Scraped caption text data
**********

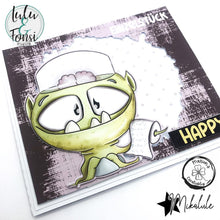 Load image into Gallery viewer, Digiset "Klugscheißer"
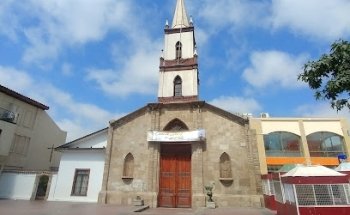 Información Turística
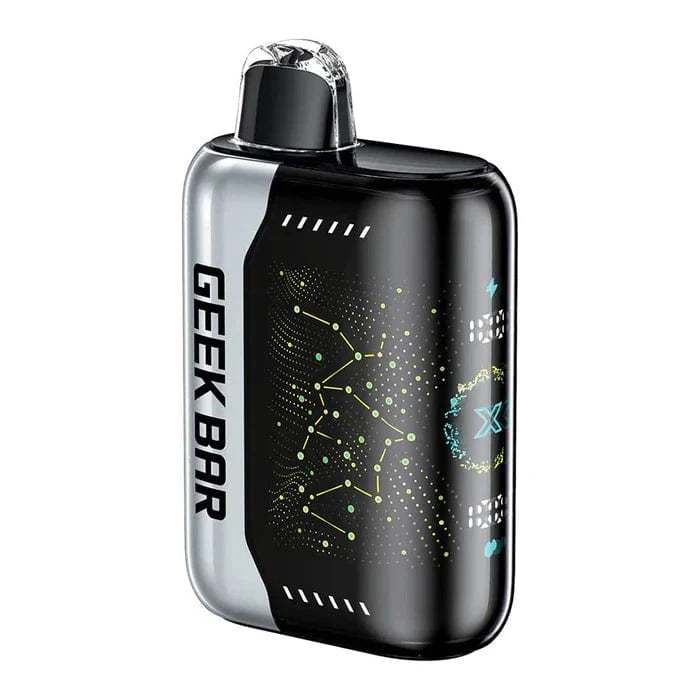 Geek Bar Pulse X 25K Disposable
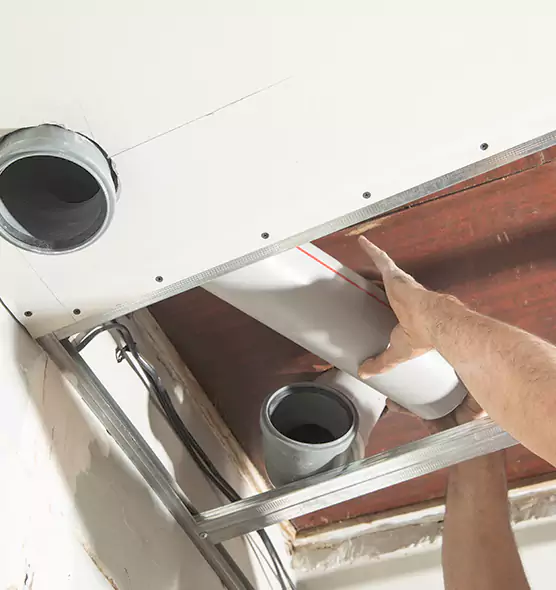 Professional Seasonal Allergy Air Duct Cleaning in South Plainfield, NJ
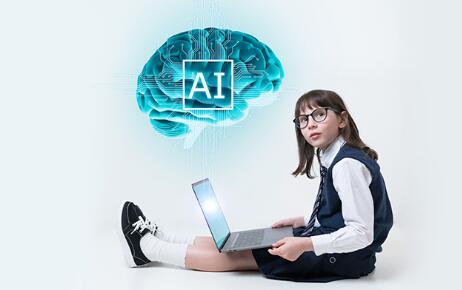 AI教育  AI课程 AI实验平台等解决方案 商汤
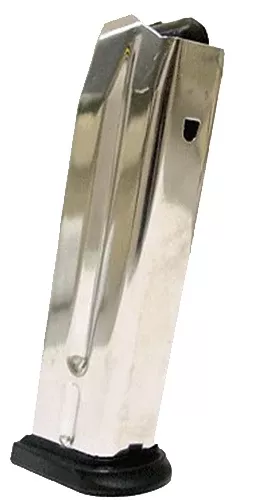 Springfield Armory XD0923 XD10rd 9mm Luger Springfield XD/XD Mod2 Stainless Steel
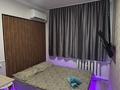 1-комнатная квартира · 21 м² · 3/4 этаж, мкр №5 21 за 1 500 ₸ в Алматы, Ауэзовский р-н — фото 2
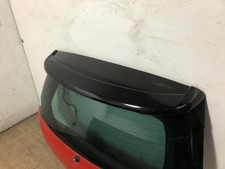 Portabagagli/Portellone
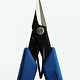 Xuron PL49180NS = Xuron High Durability Shears with Polished Cutting Blades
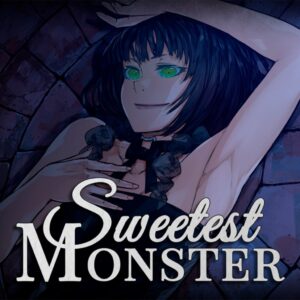 Sweetest Monster [PS5] cover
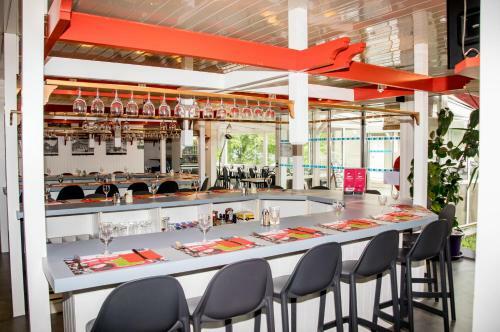 Fasthotel Artigues
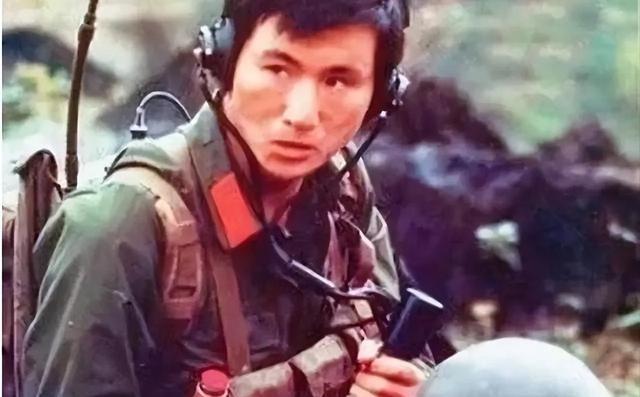老山战场上，杨启良歼敌18人，转业后却遭遇恶意闹事者当众威胁，他只淡淡看了对方一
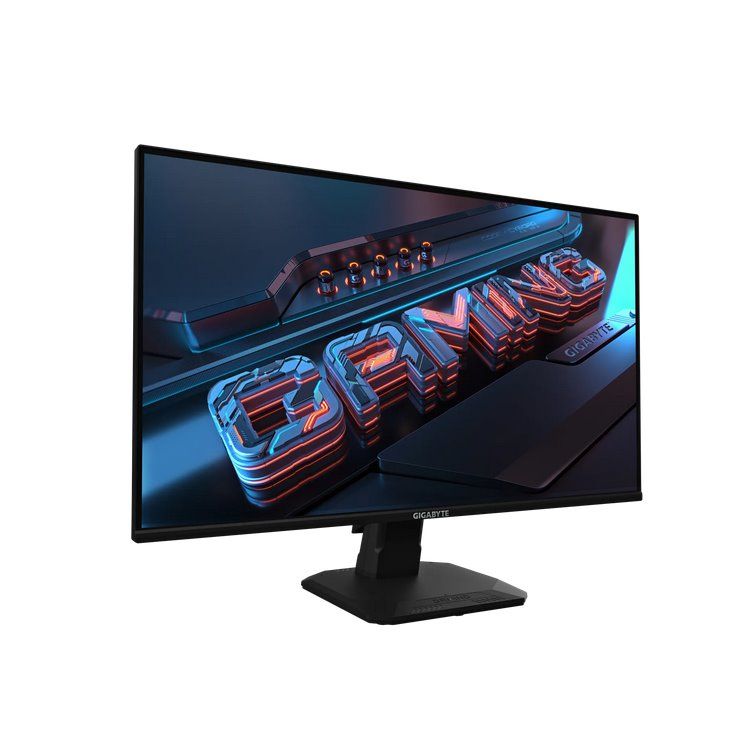 GIGABYTE LCD GS25F2 GAMING Monitor 25" FHD, SS IPS, 200Hz, AMD FreeSync Premium,. 2xHDMI, DP GIGABYTE LCD GS25F2 GAMING Monitor 25" FHD, SS IPS, 200Hz, AMD FreeSync Premium,. 2xHDMI, DP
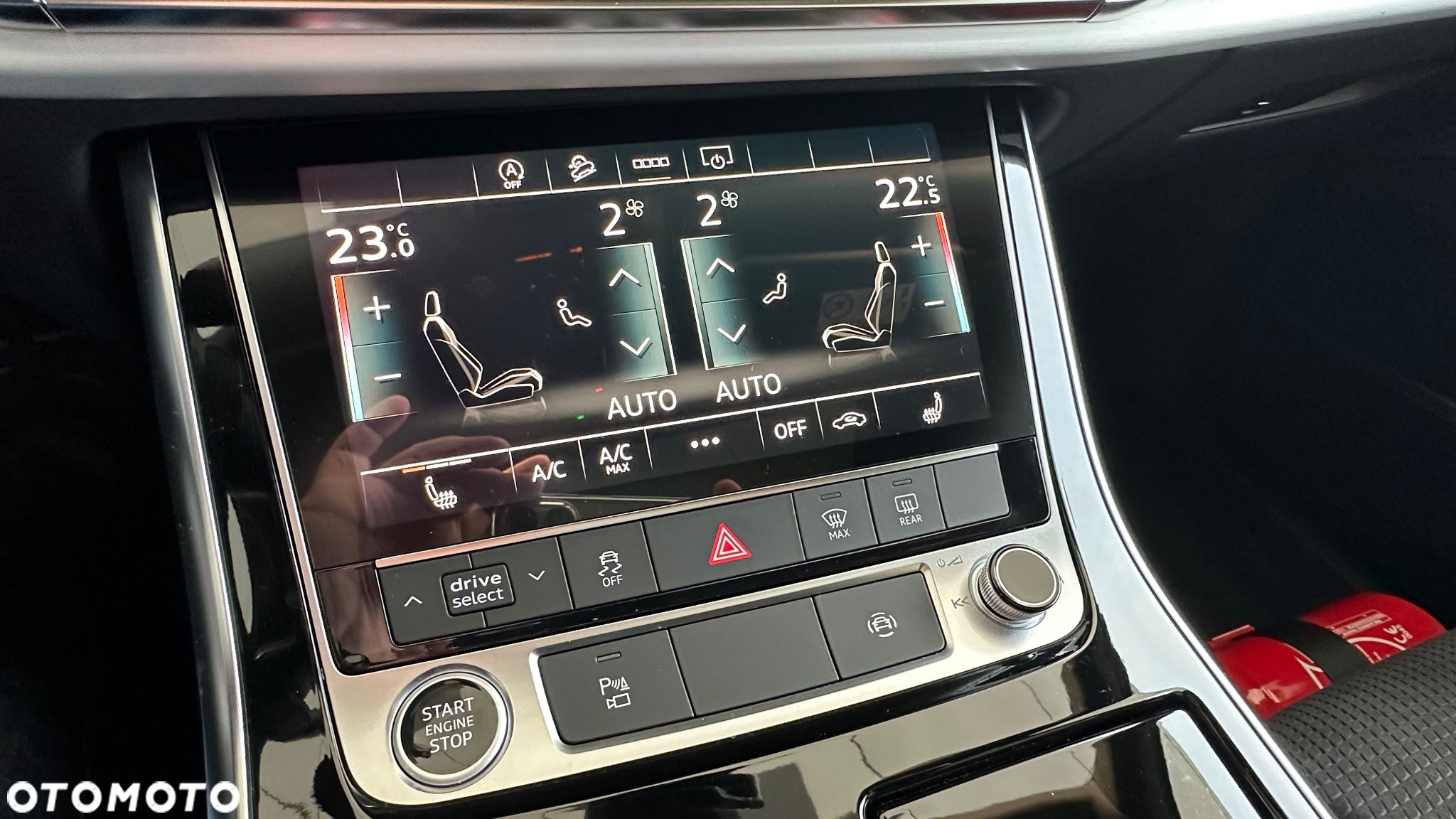 Audi Q7 - 26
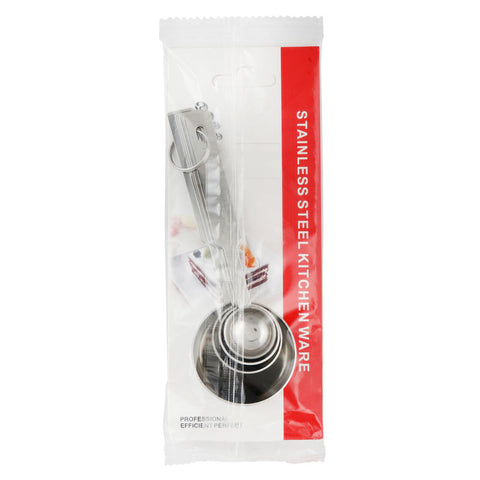 MEASURING SPOON S/S (#104634)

**********

▶ **WHAT YOU HAVE TO DO**: Every entry should be written out word for word, except for its pictures.

▶ **RESULT OF THE EXERCISE**:
 Load image into Gallery viewer, Digiset "Klugscheißer"
 Información Turística
 Geek Bar Pulse X 25K Disposable
 Professional Seasonal Allergy Air Duct Cleaning in South Plainfield, NJ
 AI教育  AI课程 AI实验平台等解决方案 商汤
 Springfield Armory XD0923 XD10rd 9mm Luger Springfield XD/XD Mod2 Stainless Steel
 1-комнатная квартира · 21 м² · 3/4 этаж, мкр №5 21 за 1 500 ₸ в Алматы, Ауэзовский р-н — фото 2
 Portabagagli/Portellone
 Xuron PL49180NS = Xuron High Durability Shears with Polished Cutting Blades
 Sweetest Monster [PS5] cover
 Fasthotel Artigues
老山战场上，杨启良歼敌18人，转业后却遭遇恶意闹事者当众威胁，他只淡淡看了对方一
 GIGABYTE LCD GS25F2 GAMING Monitor 25" FHD, SS IPS, 200Hz, AMD FreeSync Premium,. 2xHDMI, DP GIGABYTE LCD GS25F2 GAMING Monitor 25" FHD, SS IPS, 200Hz, AMD FreeSync Premium,. 2xHDMI, DP
 Audi Q7 - 26
 MEASURING SPOON S/S (#104634)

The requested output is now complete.